Thursday, June 3, 2010


This past weekend, I attended an event that would make some green with envy, and others green with nauseousness.

That's right, I attended my third Johnny's concert: 横山裕がやっちゃいますIII (Yokoyama You ga Yacchaimasu III). Of course it was a blast. After all, Yokoyama You is the reason for my major obsession with Kanjani8. In fact, when I first started listening to Kanjani8 and watching their TV shows, I swore up and down that I would only focus my attention on Yokoyama.

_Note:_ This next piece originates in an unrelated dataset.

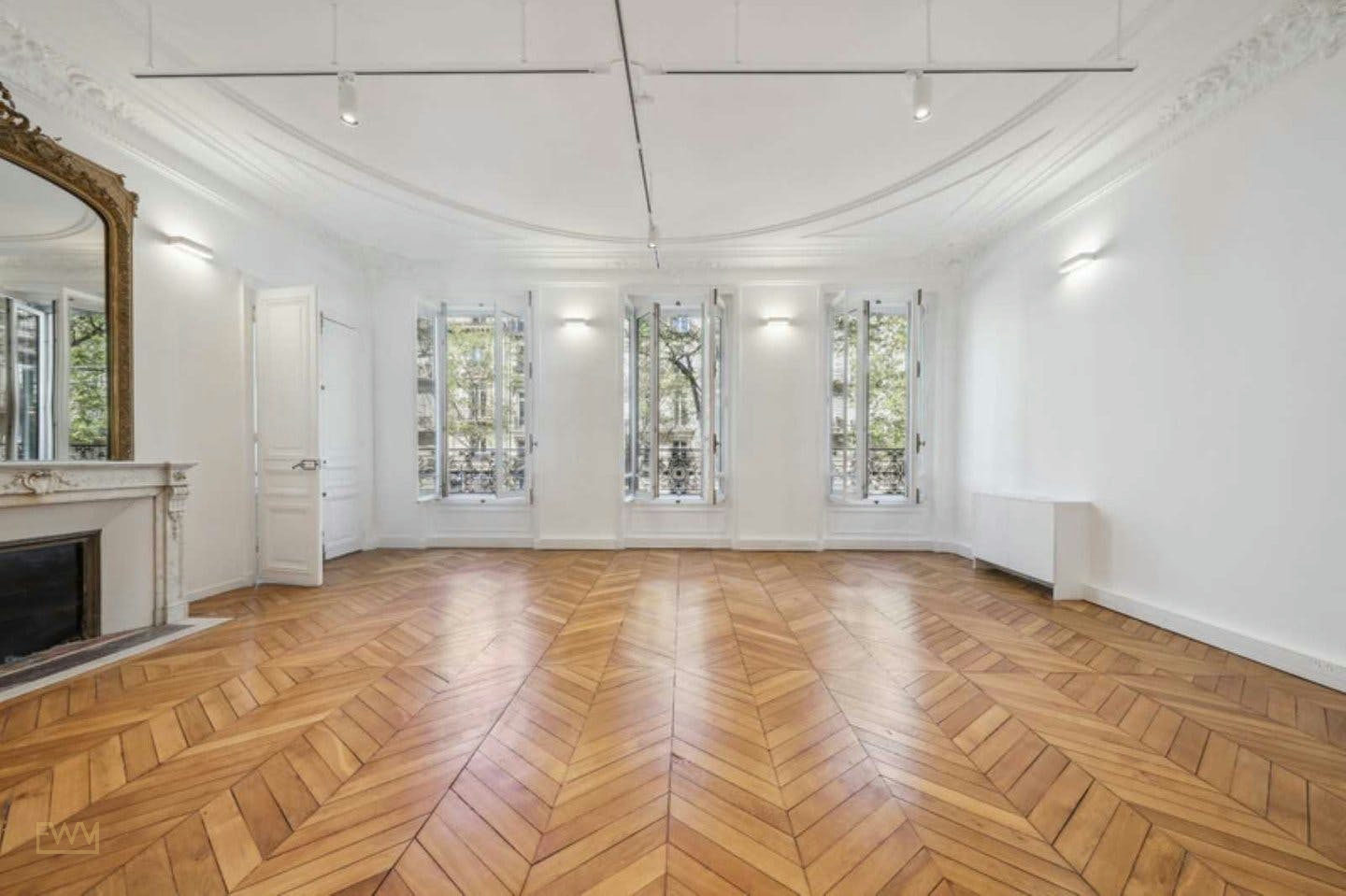 328sqm Haussmannien Showroom on Boulevard Haussmann, Paris, showroom presentation, pop-up rental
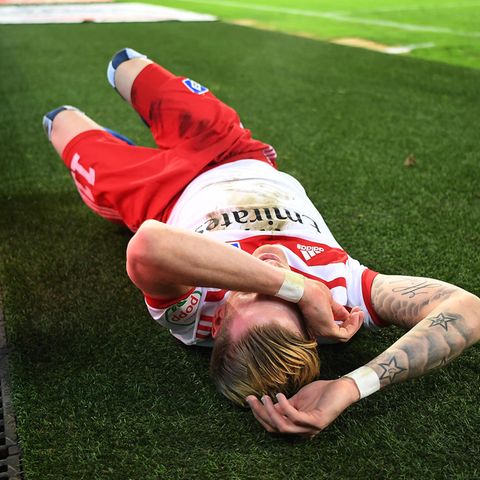 Ein Bild mit Symbolcharakter: HSV-Profi Andre Hahn liegt nach einer Aktion am Boden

Look how great that turned out.

Back to the task on hand, attending one of these concerts is a really interesting Japanese culture experience. The way Japanese girls celebrate their idols is fascinating from a sociological perspective and if being there scares you at first, you should stick it out and simply observe. Many fans dress to get the attention of their idols on stage, whether they be in homemade costumes worn by the idols during previous performances or the infamous Eito Ranger costume.

In fact, creativity and craftiness is a huge part of attending a Johnny's concert. Its not only the clothing fans wear to attend, but the accessories they don as well. Giant head bows are a good place to start, but teddy bears dressed in handmade Eito Ranger suits are also an attention grabbing craft. No joke. This girl had her bears dressed as Red Rangers, one was a boy with pants and the other a girl with a skirt.

Scary? Yes. Adorable? UM YEAH.

Venues have poster size restrictions which prohibits anything bigger than a jumbo uchiwa from being displayed. Of course, with these limitations, fans find ways to make their uchiwas stand out. You can buy uchiwa supplies at craft stores in Japan, such as Loft and Tokyu Hands, all in their glittering neon-colored glory.

With these cultural facts in mind, I ventured out to the concert, held in Nagoya on this particular weekend, dressed to grab attention with my neon uchiwa and eito penlight in hand.

Needless to say, I fit right in...aside from the whole ~180cm tall, blonde haired, foreigner thing.

I've been in Japan since September 2009, and since I've been here I've had the opportunity to attend not only Yokoyama's concert in Nagoya, but his concert in Osaka, as well as Kanjani8's countdown at Kyocera Dome. The fans, to me, were just as entertaining as the concert. With the efforts Japanese fans put into their crafts, I'm sure showing them off at the concert must make the experience more memorable.